My two latest spectra taken from "OHP station" (now we are at Juan les Pins
) - the nebular phase quick coming :
I have a important question for the observers who calibrate spectra in absolute value. Are you using a narrow slit or a slitless slit (large photometric slit) ?
As you know, the presence of atmospheric chromatism (the nova is not very high above the horizon from France) with a narrow slit can cause significant errors on the shape of the continuum.
In my case I use a refractor, which adds the problem of instrumental chromatism (although the FSQ106ED is apochromatic). The telescopes equipped with focal reducers can know also difficulties (less in general, but be careful ...)
For me these two phenomena and the setup produce high spectral distortion in the form of the continuum for the nova. For example, the ratio of a slit spectrum and a slitless spectrum (Alpy600 180 microns photometric slit) of the same star nearly the same time. The aspect of the continuum is very changing between the two situations !!!
To correct this dramatic (but ultimately classic) problem, I intensively exploited the photometric slit during the OHP run. For information, here I describe quickly the adopte protocol, I named "flash photometric correction" :
Step 1 : observation of a standard star (Miles) by using narrow slit (here 18 microns wide and a relatively short exposure time -> standard processing -> check and/or extraction of wavelength calibration function ("S0" spectrum)
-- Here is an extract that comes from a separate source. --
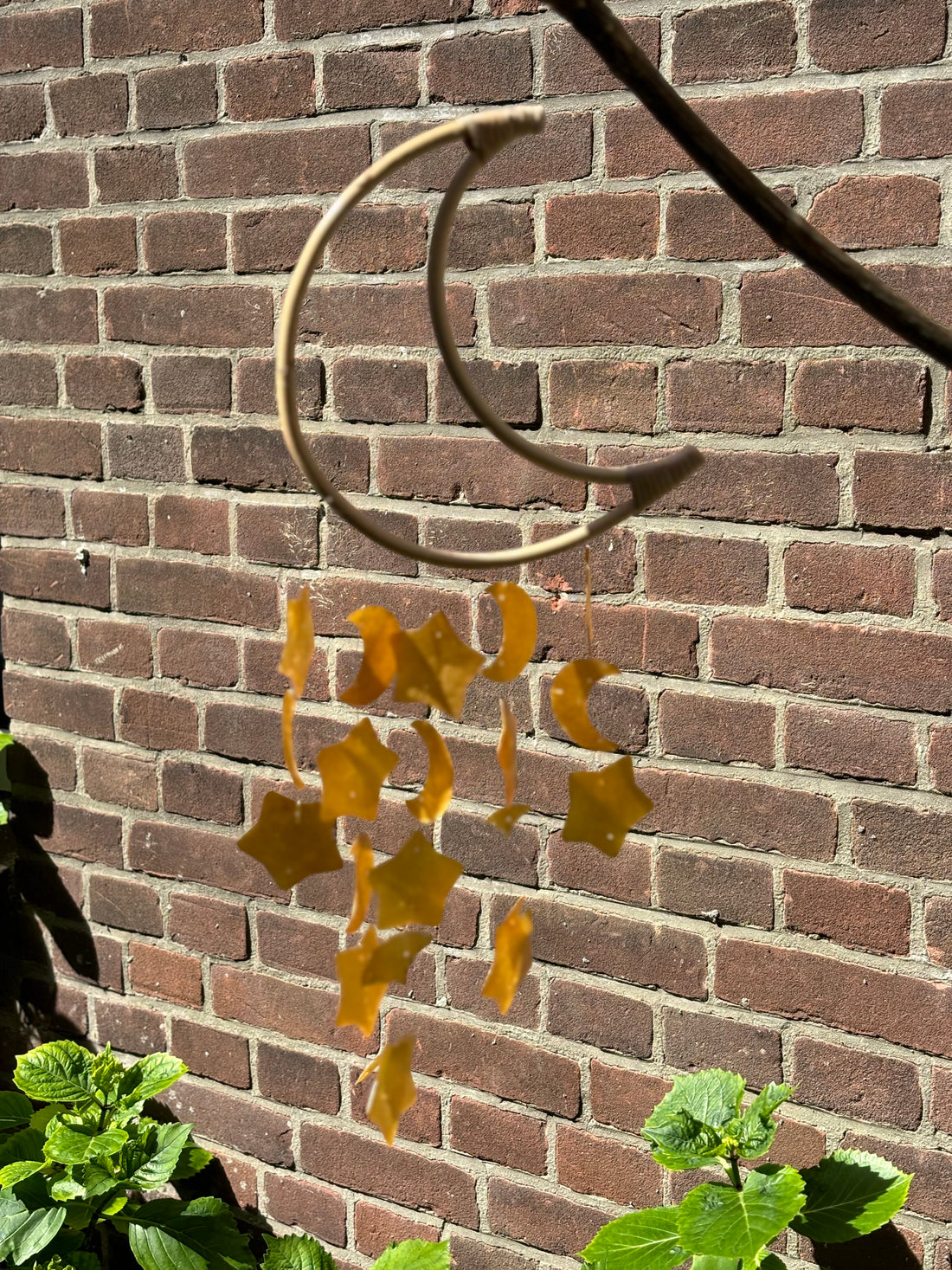 Maanhanger met schelpen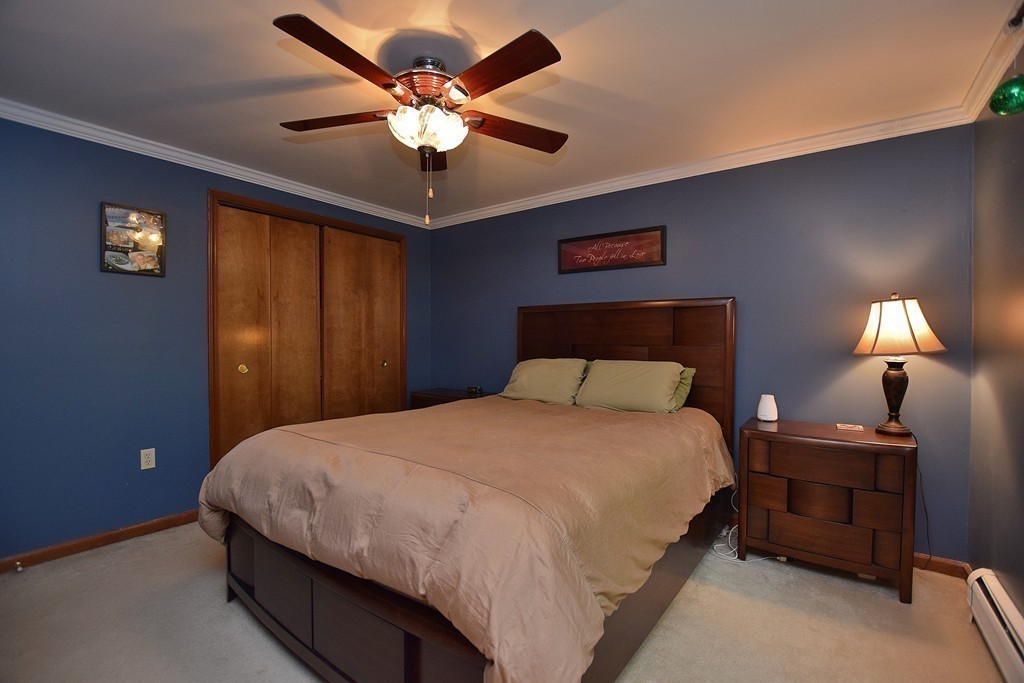211 Bumstead Road Monson, MA 01057 - Photo 11 of 30 a bedroom with a bed and a chandelier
Step 2 : observation of the same standard star by using the photometric slit (180 microns wide) - important point : no response correction applied (nearly the apparent spectrum view by the detector). Relatively short exposure observation (i.e. "flash"), typically 2 to 5 minutes exposure time. The result is the "S1" spectrum.
Step 3 : calculate the ratio S1 / "MILES" ("MILES" = the expected true profile is from the Miles data base). The result is the "PSR" profile (Photometric Spectral Response Profile).
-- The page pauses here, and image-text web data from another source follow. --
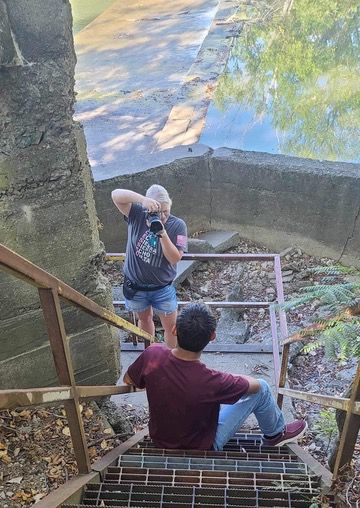 Two people sit on wooden steps leading down to a creek or stream while enjoying a peaceful outdoor moment.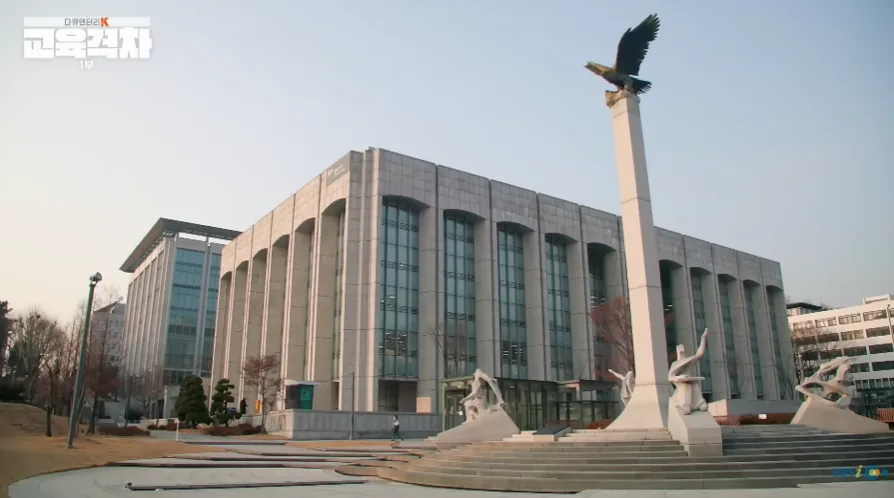 교육 관련 방송에서 독수리 조형물이 세워진 기념탑과 대형 건물의 외관을 보여주는 장면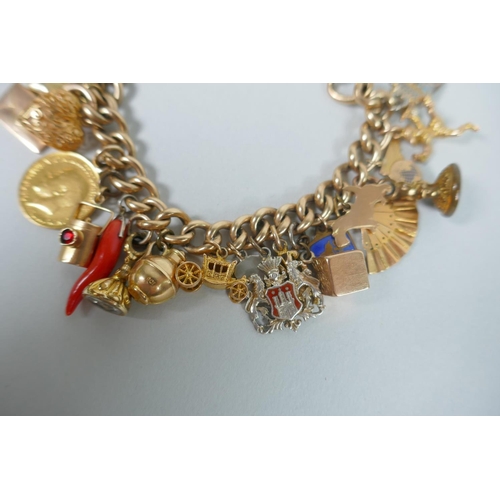 605 - A 9ct gold charm bracelet with numerous 9ct, 14ct, 18ct and 22ct gold charms, and a few yellow metal... 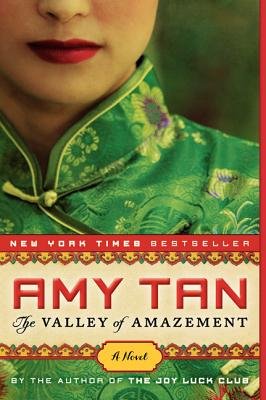 The Valley of Amazement by Amy Tan book cover featuring a zoomed in shot of a Chinese woman in traditional green clothing with golden and purple flowers.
Step 4 : observation of the target objet (here the nova) by using the photometric slit - important point : no response correction applied at this stage - "flash" procedure (short exposure time, the idea is to obtain the global acceptable form of the continuum and eventually absolutes flux infos). Result is the "S2" spectrum.
Step 5 : compute the ratio S2 / PSR -> "S3" spectrum. The S3 is the probable true spectral profile of the target (but some noisy because short integration time and degraded spectral resolution because use of a slitless mode).
Step 6 : observation of the target object (here the nova) by using a normal method : narrow slit and long exposure for the desired SNR. Do not applied here response correction. The result is the intermediate "S4" science profile of the target.
Step 7 : Compute a spectral correction term, the SSRT (for Slit Spectral Relative Transmission) : SSRT = S4 / S3.
Step 8 : smooth the SSRT profile (ISIS "continuum" tools for example -> remove hight frequency artifact) give the SSRT2 function.
Step 9 : Compute the "S5" final science profile : S5 = S4 / SSRT2.
The final equation is :
S5 = S4 x smooth[ (S2 x MILES) / (S1 x S4) ]
The procedure may seem long and tedious, but this is not really the case and it can be automated (you have to observe S1, S2 and S4 spectrum). This is the rather rigorous method that allowed me to obtain relatively correct spectra of nova during the "OHP campaign" by using a small refractor (but remember, a SCT telescope can be also affected).
The subject is important and deserves probably an exchange of opinions.